Camillus nella Sala dei Trionfi di Palazzo dei Conservatori ne ha un paio a doppia fascia con piccoli fregi geometrici, chiuse sul calcagno, mentre i due busti di piccole dimensioni ai lati delle finestre della stessa Sala somigliano alle moderne ballerine. Al centro della Sala lo Spinario si toglie la spina dal piede e dunque è ovviamente scalzo. Propongo una visita alternativa ai Musei Capitolini (per chi li avesse già esplorati abbastanza) con lo sguardo rivolto verso il basso, ad osservare i piedi e le loro calzature. Ogni scultura, con o senza testa, e gli affreschi ne rivelano grande varietà: solo zoccoli nella Sala di Annibale alle estremità dei due Centauri firmati da Aristeas e Papias, ospitati qui in occasione della mostra L’età dell’Equilibrio (fino al 5 maggio 2013), ma di solito ricoverati in Palazzo Nuovo, all’altra estremità della piazza del Campidoglio.

Sempre presente invece l’affresco Annibale in Italia, attribuito al pittore bolognese Jacopo Ripanda, che illustra il condottiero cartaginese sul suo elefante con in primo piano eleganti ginocchiere a forma zoomorfa (leoni?), fasce sulle caviglie e sandali. Fantasiosamente diverse le calzature del suo seguito, intrecciate fino al polpaccio, ornate da stoffe modellate in varie fogge lungo le gambe.

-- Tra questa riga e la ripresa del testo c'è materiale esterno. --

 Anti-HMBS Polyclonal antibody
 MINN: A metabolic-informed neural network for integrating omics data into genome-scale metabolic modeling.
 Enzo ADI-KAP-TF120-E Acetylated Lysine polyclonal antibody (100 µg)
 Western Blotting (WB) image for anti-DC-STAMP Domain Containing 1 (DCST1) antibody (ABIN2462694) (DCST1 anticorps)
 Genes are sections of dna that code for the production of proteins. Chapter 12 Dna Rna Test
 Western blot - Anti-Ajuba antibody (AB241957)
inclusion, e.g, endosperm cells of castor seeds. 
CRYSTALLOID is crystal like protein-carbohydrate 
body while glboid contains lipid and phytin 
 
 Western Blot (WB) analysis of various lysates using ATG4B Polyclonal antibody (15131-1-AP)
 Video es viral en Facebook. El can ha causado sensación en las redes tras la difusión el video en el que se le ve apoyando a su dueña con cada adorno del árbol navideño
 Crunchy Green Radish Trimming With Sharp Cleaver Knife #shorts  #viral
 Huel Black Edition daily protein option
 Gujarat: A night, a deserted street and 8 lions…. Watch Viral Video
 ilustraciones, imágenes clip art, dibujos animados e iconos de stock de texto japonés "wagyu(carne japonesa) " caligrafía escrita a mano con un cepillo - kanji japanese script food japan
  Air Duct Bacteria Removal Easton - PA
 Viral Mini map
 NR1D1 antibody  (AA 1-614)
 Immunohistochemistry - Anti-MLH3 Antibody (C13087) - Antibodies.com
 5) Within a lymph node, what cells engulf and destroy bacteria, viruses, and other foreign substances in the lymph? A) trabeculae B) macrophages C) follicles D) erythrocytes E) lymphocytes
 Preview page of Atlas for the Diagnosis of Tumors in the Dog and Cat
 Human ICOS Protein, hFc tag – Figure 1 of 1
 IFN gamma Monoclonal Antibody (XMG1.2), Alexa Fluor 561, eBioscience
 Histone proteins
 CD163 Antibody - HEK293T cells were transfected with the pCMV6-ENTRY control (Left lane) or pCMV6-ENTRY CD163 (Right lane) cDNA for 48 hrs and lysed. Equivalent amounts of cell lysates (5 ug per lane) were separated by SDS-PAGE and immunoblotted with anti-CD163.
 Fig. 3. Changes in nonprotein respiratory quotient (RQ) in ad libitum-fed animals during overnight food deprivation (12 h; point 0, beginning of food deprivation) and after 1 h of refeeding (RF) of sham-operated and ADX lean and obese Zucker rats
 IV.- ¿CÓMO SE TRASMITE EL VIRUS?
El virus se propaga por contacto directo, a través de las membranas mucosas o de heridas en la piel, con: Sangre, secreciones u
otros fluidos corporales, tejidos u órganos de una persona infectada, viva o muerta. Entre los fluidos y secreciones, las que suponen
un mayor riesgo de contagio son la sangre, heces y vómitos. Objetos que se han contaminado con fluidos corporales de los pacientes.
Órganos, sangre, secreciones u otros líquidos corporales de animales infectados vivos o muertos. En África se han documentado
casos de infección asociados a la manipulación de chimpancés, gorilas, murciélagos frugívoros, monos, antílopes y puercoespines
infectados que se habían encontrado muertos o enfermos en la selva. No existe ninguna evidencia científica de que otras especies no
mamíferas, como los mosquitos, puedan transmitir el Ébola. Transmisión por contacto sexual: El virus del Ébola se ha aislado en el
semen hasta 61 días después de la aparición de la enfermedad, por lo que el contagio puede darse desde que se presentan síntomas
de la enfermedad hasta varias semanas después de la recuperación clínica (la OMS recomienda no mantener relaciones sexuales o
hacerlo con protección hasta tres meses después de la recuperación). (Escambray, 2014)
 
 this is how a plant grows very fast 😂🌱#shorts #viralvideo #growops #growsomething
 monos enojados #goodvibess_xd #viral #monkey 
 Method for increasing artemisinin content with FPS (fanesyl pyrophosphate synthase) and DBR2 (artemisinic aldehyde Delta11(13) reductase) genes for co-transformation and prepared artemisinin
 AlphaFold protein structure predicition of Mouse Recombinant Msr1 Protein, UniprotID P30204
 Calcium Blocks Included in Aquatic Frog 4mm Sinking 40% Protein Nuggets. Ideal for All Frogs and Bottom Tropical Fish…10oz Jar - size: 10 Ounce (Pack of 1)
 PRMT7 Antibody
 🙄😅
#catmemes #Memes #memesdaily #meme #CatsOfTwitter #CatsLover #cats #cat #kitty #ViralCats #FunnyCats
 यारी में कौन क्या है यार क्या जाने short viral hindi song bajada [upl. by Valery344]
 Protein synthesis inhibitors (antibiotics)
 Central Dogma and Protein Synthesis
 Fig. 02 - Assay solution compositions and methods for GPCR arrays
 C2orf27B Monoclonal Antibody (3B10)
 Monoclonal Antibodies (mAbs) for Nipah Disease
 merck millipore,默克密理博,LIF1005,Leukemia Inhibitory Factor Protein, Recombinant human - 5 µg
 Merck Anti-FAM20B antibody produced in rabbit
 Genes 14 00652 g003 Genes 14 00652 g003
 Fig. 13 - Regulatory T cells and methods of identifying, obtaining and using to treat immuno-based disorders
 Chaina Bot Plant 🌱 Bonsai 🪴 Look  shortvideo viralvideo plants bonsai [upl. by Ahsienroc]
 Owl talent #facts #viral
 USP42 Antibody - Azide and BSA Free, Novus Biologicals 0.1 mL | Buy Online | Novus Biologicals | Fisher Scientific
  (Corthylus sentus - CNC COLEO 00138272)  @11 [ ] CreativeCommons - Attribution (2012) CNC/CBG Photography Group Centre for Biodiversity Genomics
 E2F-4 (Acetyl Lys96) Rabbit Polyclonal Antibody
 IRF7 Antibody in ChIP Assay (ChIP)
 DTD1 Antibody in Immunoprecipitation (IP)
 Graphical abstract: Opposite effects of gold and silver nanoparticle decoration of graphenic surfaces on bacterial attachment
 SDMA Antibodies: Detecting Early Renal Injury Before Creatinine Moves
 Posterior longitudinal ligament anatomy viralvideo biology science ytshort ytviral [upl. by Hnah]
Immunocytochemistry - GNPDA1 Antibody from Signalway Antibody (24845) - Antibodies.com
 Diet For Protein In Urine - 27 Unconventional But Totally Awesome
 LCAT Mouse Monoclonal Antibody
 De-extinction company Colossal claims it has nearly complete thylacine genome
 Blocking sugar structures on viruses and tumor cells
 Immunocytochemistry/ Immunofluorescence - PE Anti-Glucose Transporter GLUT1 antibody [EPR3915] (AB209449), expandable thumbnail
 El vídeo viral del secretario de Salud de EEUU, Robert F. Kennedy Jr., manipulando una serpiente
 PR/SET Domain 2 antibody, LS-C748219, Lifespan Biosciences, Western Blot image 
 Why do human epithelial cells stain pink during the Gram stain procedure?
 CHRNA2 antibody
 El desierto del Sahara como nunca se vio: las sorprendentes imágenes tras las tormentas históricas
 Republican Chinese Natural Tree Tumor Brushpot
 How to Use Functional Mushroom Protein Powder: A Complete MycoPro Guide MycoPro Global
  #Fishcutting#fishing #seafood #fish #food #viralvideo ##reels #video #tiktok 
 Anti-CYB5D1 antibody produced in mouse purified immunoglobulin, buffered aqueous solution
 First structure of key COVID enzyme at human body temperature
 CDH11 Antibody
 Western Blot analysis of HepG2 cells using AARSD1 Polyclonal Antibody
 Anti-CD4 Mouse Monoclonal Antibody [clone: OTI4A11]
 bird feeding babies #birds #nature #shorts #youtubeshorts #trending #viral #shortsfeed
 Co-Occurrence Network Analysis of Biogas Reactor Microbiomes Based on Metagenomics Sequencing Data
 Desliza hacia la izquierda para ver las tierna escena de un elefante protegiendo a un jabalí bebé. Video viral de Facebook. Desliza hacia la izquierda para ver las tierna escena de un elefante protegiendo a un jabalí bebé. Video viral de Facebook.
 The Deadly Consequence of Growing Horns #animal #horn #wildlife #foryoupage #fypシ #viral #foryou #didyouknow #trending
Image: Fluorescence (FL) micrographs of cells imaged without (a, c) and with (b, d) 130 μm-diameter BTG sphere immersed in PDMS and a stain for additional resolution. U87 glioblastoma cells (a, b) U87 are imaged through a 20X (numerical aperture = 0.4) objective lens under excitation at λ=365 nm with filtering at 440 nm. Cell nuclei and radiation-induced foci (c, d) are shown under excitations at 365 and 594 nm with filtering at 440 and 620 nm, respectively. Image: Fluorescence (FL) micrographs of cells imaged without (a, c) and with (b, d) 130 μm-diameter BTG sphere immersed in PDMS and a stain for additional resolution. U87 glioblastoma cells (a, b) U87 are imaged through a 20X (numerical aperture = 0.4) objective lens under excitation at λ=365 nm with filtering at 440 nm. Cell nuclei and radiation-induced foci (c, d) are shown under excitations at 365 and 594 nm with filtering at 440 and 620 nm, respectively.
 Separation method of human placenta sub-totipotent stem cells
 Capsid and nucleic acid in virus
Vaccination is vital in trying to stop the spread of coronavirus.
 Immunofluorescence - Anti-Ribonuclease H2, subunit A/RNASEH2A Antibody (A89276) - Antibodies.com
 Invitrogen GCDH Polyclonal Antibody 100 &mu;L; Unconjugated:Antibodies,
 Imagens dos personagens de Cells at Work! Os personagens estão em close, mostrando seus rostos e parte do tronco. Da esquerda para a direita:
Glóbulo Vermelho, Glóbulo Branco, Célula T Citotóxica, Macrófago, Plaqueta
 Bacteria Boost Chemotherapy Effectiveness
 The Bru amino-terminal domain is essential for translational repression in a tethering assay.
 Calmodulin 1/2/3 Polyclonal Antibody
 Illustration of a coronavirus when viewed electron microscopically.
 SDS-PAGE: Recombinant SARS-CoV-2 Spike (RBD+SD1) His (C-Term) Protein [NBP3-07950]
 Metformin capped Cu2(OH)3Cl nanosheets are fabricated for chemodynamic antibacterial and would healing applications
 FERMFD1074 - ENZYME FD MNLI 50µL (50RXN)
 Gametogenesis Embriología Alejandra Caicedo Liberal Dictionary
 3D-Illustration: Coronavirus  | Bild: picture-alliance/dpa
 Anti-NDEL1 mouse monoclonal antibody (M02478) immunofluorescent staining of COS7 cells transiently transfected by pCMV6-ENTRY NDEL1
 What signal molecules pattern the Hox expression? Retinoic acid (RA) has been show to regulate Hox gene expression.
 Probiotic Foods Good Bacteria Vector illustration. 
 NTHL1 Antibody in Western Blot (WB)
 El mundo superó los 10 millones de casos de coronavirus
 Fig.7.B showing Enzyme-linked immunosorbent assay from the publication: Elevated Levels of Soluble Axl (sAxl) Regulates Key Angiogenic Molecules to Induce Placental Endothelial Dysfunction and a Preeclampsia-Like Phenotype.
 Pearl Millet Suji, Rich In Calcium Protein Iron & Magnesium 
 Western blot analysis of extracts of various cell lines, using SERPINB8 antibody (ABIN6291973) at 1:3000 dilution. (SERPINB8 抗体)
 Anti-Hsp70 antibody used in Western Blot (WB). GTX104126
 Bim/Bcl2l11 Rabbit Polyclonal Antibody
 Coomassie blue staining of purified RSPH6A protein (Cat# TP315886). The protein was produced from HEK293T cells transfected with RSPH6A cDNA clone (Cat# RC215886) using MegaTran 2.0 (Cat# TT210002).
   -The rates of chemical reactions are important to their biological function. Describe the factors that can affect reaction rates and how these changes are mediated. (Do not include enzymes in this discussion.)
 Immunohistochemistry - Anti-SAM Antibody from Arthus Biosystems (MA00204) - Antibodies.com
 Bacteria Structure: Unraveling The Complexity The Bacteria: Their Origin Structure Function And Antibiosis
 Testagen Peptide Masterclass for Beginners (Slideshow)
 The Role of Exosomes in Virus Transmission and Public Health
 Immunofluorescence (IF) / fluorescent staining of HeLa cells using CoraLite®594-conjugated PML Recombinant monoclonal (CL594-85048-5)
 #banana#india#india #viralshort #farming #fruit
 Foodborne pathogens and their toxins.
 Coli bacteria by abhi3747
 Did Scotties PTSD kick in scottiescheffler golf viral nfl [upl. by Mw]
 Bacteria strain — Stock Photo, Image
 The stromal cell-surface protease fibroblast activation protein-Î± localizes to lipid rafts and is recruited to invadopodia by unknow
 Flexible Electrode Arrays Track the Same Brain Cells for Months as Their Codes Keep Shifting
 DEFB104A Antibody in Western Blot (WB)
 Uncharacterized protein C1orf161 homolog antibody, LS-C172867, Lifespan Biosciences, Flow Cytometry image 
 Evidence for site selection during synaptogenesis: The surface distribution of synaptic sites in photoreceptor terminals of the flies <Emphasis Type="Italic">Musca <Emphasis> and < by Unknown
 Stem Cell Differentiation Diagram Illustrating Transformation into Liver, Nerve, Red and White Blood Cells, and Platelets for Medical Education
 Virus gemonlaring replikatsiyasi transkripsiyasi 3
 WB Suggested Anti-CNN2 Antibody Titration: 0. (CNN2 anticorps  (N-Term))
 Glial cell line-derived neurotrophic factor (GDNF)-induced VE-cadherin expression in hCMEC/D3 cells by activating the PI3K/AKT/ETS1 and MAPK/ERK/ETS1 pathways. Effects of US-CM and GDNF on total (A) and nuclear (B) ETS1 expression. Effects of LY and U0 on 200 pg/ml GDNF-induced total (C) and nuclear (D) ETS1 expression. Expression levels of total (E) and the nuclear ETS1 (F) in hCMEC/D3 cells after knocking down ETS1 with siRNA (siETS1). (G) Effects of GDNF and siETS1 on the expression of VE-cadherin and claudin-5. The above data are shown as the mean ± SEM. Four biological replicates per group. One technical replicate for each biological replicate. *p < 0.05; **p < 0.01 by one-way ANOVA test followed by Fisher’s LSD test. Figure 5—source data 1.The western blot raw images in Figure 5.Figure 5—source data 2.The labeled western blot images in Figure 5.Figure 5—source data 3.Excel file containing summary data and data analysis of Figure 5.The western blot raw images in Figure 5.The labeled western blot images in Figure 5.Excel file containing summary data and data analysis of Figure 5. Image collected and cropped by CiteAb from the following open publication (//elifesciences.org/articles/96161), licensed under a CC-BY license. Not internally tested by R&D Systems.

Sorta di stivaletti con ripresa di cuoio centrale (di gran moda anche oggi), stretti appena sopra la caviglia nel Rilievo con scena di sacrificio a Diana, alcuni semplici e altri con inserti e fiori: siamo nelle Sale Castellani e le opere fanno parte della mostra L’Età dell’Equilibrio.

Si finisce, d’obbligo, con la Venere Esquilina, leggiadra ma non troppo nella Sala degli Horti Lamiani, attigua all’Esedra di Marc’Aurelio. Piccole strisce, forse di cuoio, s’intrecciano tra le dita della dea, girano intorno alla sua caviglia e si riuniscono dolcemente sopra al calcagno. L’eleganza della semplicità.

Dimenticavo, nascosta negli Horti di Mecenate la Statua di Igea sfoggia eleganti calzari intrecciati fin sul collo del piede e dietro il  tallone, con vezzoso fiocco alla caviglia.